[Data extract]
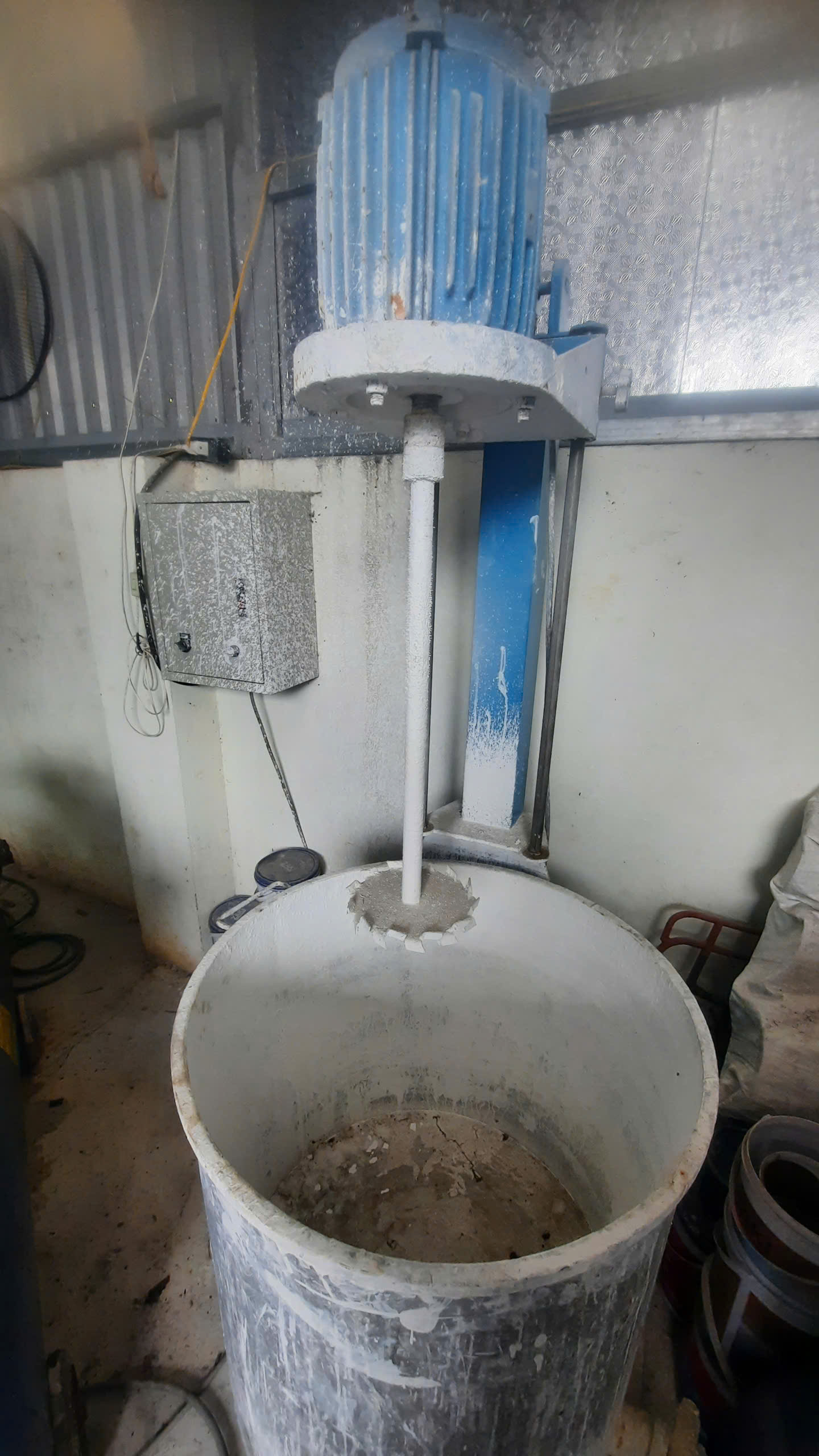 thanh lý máy khuấy 200 lit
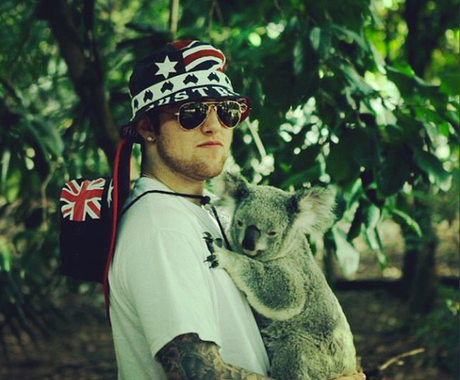 MAC MILLER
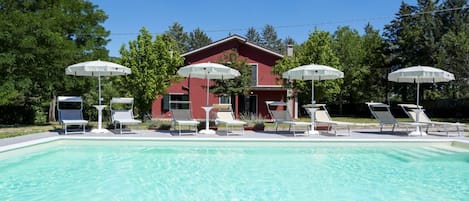 Piscina all'aperto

[The task] The listing above must be repeated exactly. Its pictures are not part of the copy.

[Expected output]
 thanh lý máy khuấy 200 lit
 MAC MILLER
 Piscina all'aperto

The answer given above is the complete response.